By Sid Perkins
As the old saying goes, when life gives you lemons, you should make lemonade. So, what should you do if you suffer the misfortune of dropping a fragile, 20-million-year-old piece of amber that entombs a perfectly preserved fossil termite? If you’re evolutionist Lynn Margulis, you mutter a mild curse, pick up the clear, yellow pieces–each of which holds half of the termite–and squeeze some unscheduled science out of the mishap.
When the University of Massachusetts at Amherst scientist and her colleagues took a look at the pieces under a microscope, they were pleasantly surprised. The fracture had cleaved the termite’s abdomen, exposing fossils of the microbes that had helped the animal digest its woody meals. The finding stimulated Margulis and her colleagues to break more termite-bearing pieces of amber.
In those specimens, among partially digested chunks of wood, was a mixture of single-celled organisms remarkably similar to the microbial mélange that infests the guts of a primitive termite species still alive today. The discovery provides a welcome link between ancient and modern termite groups and may help scientists better understand the emergence of symbiosis between termites and their gut biota.
Plastic gem
Amber is the fossilized resin of ancient woody plants. That resin, a viscous substance that forms in canals or ducts in the wood, often oozes into channels inside the plant or seeps out of holes or cracks in the plant’s surface. Once exposed to the air, volatile chemicals in the sticky liquid begin to evaporate, and tough chemical bonds form between the long molecules left behind. The result is a natural plastic that has become a favorite substance for jewelers. If buried in sediments and subjected to heat and pressure for millions of years, this solidified tree gunk can harden even further and eventually become an organic gem that’s light enough to float on salt water.

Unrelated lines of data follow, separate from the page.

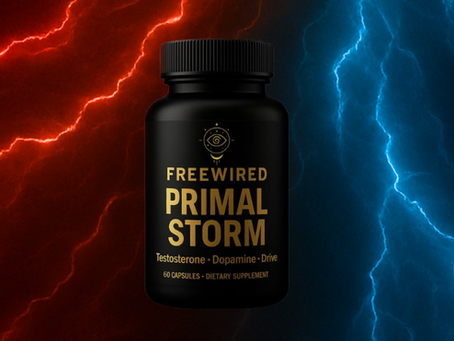 FREEWIRED PRIMAL STORM: Harnessing Testosterone, Dopamine, and Drive Without the Crash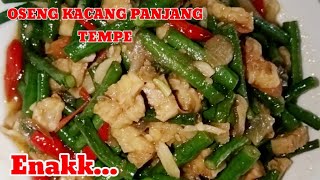 Sayur Kesukaan Keluarga di Rumah||Oseng/ tumis Kacang Panjang dan Tempe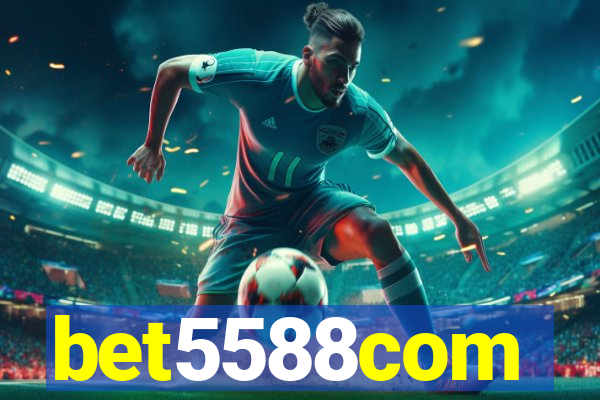 bet5588com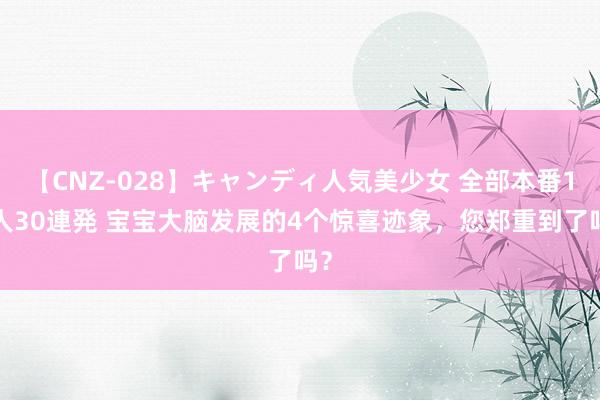 【CNZ-028】キャンディ人気美少女 全部本番15人30連発 宝宝大脑发展的4个惊喜迹象，您郑重到了吗？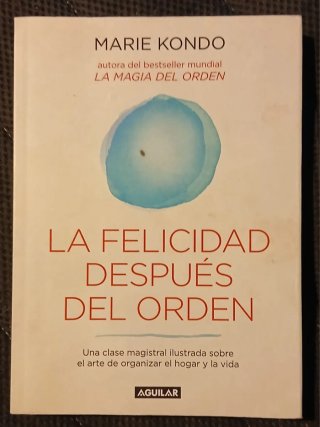 La magia del orden 2. La felicidad después del ...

A treasure on its own, amber becomes even more valuable if it contains remnants of prehistoric life. Anything that happened to fly, walk, fall, or drift into the tacky resin before the substance fully congealed would become immortalized.

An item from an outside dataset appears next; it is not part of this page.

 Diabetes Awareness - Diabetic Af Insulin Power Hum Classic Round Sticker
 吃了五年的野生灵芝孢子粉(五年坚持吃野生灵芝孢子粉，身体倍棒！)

Many animals or objects that don’t often show up in the fossil record–from midges and mosquitoes to feathers and fur–are preserved in fine detail when they’re locked in amber.
Termites are prominent members of that list. The insects live below the ground, in mounds, or inside logs or trees, and they must maintain a humid environment to avoid desiccation. Typically, the only parts of the insects to be preserved in sediments as fossils are their wings, says David A. Grimaldi, a paleontologist at the American Museum of Natural History in New York. When trapped in amber, however, even a termite’s antennae and delicate leg structures can remain intact.
The eight amber-encased termites that Grimaldi, Margulis, and their colleagues recently studied belong to an extinct species dubbed Mastotermes electrodominicus. The insect’s specific name comes from a combination of electron, the Greek word for amber, and a geographical reference to the Dominican Republic, where the 15-to-20-million-year-old amber was unearthed.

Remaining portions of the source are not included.